The results of the second comparison experiment (experiment 2), confirmed the presence of distinctive craniofacial dysmorphisms in both syndromic cohorts, that were well distinguished by unaffected controls. This was demonstrated by the remarkable division between the two score distribution curves. A greater overlap between the two curves was noted in the IDSHM vs. OIDS comparison, most probably because the OIDS cohort included some syndromes sharing with IDSHM similar craniofacial features, such as Down syndrome, or molecular determinants, comprising Coffin-Siris syndrome. Indeed, we know that CSS is a well recognizable DDCRs, which is caused by mutations in components of the chromatin remodeler SWI/SNF complex. Smith-Magenis syndrome, which we inserted in the OIDS cohort, can be also considered a chromatinopathy, as recently postulated [25].

The analysis of single facial details obtained by the face-crop experiment, resulted consistent for CLS and KS (eyes, nose and mouth), OS (eyes and mouth) and RTS (nose and mouth), in the comparison between affected and unaffected cohorts (Fig. 3a–e). In particular, the distinctive orbital region of CLS, OS and KS was differentiated by unaffected individuals, as demonstrated by binary analysis (Fig. 3a). Relatively to controls comparison, mildly inferior values than CLS, OS and KDVS, were unexpectedly registered for the nose analysis in RTS, while high values were recorded for KDVS, whose nasal region is defined by characteristic tubular or pear-shaped nose and bulbous nasal tip. A minor sensibility in the recognition of some distinctive facial details, such as the nose in RTS, could be related to the quality or framing of the chosen image.
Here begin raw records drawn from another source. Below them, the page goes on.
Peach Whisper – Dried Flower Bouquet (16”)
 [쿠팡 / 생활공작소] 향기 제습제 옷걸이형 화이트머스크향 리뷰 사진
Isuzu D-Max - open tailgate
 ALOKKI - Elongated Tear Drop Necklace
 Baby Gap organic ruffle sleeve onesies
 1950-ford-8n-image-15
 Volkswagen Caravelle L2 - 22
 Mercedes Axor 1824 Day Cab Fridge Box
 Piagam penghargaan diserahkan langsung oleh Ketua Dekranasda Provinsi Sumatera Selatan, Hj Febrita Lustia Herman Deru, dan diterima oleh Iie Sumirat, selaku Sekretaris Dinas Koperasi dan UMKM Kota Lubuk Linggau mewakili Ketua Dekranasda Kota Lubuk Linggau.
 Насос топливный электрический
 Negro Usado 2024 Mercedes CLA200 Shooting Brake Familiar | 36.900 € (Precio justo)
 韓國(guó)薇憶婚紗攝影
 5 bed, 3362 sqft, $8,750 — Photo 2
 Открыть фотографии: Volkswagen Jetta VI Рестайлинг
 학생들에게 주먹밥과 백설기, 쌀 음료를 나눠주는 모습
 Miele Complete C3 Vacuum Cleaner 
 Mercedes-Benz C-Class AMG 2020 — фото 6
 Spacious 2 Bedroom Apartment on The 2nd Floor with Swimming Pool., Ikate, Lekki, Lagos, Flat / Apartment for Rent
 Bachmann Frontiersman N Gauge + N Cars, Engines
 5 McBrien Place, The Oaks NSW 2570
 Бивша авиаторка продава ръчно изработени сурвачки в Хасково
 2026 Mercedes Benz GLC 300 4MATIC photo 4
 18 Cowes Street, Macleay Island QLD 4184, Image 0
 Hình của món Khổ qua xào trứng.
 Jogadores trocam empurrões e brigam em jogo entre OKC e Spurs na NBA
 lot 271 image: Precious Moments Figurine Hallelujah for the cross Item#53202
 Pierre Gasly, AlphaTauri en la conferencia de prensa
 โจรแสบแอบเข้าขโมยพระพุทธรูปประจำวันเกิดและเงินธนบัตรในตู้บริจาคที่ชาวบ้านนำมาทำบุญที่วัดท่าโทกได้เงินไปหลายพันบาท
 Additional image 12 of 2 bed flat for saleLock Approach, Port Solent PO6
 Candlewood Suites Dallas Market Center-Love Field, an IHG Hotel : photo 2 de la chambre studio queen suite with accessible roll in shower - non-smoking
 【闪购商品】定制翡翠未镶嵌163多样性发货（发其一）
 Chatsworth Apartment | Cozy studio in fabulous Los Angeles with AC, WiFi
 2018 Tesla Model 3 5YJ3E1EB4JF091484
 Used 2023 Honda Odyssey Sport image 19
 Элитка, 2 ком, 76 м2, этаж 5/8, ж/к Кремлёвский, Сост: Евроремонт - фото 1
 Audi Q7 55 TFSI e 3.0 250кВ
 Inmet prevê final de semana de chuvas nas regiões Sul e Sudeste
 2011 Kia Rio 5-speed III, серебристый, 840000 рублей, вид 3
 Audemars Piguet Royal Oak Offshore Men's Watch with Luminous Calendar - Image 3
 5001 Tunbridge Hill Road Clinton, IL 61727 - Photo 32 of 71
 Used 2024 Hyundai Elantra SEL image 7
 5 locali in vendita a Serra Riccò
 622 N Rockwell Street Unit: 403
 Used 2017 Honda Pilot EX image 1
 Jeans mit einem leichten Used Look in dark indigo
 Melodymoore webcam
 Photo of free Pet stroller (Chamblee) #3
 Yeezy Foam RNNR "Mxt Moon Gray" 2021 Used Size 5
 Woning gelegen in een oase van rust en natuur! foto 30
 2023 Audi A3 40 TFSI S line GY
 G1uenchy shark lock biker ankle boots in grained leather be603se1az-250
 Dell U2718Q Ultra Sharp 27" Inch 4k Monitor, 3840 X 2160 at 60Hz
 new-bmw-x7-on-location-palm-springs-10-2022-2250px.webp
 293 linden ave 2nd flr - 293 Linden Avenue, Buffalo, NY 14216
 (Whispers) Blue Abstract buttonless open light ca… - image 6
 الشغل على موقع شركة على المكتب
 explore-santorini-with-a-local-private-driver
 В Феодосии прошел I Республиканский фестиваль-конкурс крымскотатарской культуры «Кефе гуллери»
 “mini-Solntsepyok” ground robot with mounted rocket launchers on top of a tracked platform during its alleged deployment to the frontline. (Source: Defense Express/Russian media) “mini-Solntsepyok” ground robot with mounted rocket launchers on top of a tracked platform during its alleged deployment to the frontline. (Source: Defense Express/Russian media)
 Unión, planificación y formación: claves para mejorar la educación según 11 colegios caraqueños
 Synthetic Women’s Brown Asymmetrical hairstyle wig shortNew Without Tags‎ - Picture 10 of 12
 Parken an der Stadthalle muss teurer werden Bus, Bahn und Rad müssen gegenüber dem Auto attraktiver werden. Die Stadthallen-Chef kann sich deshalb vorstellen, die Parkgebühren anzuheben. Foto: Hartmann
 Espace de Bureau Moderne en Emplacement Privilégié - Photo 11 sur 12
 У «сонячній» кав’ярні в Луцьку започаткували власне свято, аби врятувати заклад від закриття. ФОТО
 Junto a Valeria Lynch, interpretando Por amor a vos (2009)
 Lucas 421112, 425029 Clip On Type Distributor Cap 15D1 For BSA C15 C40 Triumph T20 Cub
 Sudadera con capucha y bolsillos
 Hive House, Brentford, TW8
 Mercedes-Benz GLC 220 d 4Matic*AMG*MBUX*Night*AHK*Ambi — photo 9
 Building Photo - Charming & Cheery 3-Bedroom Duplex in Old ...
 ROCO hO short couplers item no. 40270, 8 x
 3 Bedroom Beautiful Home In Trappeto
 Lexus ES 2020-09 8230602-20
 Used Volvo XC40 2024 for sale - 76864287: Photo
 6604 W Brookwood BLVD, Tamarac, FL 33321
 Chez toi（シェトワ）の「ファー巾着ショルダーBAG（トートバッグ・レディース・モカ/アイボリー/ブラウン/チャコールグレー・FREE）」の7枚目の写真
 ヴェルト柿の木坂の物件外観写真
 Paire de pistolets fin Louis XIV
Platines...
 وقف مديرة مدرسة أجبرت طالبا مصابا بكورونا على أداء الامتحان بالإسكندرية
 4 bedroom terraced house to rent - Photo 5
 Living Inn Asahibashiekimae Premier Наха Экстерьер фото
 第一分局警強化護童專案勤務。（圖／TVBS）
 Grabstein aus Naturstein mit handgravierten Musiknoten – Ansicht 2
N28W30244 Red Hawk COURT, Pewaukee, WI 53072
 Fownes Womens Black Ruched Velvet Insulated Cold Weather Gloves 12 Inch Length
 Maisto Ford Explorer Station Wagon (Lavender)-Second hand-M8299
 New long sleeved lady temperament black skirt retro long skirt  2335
In conclusion, this study represented the first dysmorphology computer-assisted analysis of the subgroup of chromatinopathies due to mutations of the histones remodelers, which are frequently encountered in clinical genetics practice. Our first multiclass experiment, revealed a remarkable capacity of the DeepGestalt technology of recognize and differentiate the analyzed syndromes in terms of high AUC and low p-values, suggesting a reliability of the platform. Similar considerations can be applied to the second experiment, the face-crop analysis, which revealed the single facial details of the considered syndromes, according to their phenotypic characteristics. Interestingly, all syndromes obtained high values for the upper and global face analysis, corroborating that this group of syndromes is characterized by an unusual face. Furthermore, optimal results were obtained especially for CLS, KS and OS in affected and unaffected cohorts comparison, indicating their marked dysmorphic features, including respectively coarse face, Kabuki-mask resemblance and typical association of blepharophimosis, blepharoptosis and epicanthus. The single facial details such as the nasal area resulted in being an important clinical clue, especially for KDVS and RTS, as predictable, while KLEFS1 appeared to have more dysmorphic signs in the nasal and ocular areas than in the mouth region (Fig. 3). In addition, the bottom half of the face seemed to be a significative clinical clue in KDVS (Fig. 3). Interestingly, it seemed that most of dysmorphisms was localized in orbital and labial region, suggesting to clinical geneticists a careful observation of this facial area. Then we could speculate that mutations of Chromatin-Marking System (CMS) could alter the development of these two facial districts during embryogenesis. This could represent an interesting aspect for further investigate in future studies.

Concluding, our study could suggest to clinicians to utilize the computer-assisted facial analysis in confirming a diagnostic suspect for syndromic diseases, such as chromatinopathies, which result to be defined by distinctive abnormal craniofacial contour. However, the diagnostic limits of informatics systems, strictly linked to some technical variables (framing or quality of the analyzed image for example) or to other factors related to patients (age or ethnicity), must be considered. We hope that these technologies will reach in the near future a greater reliability, to more support clinical activity.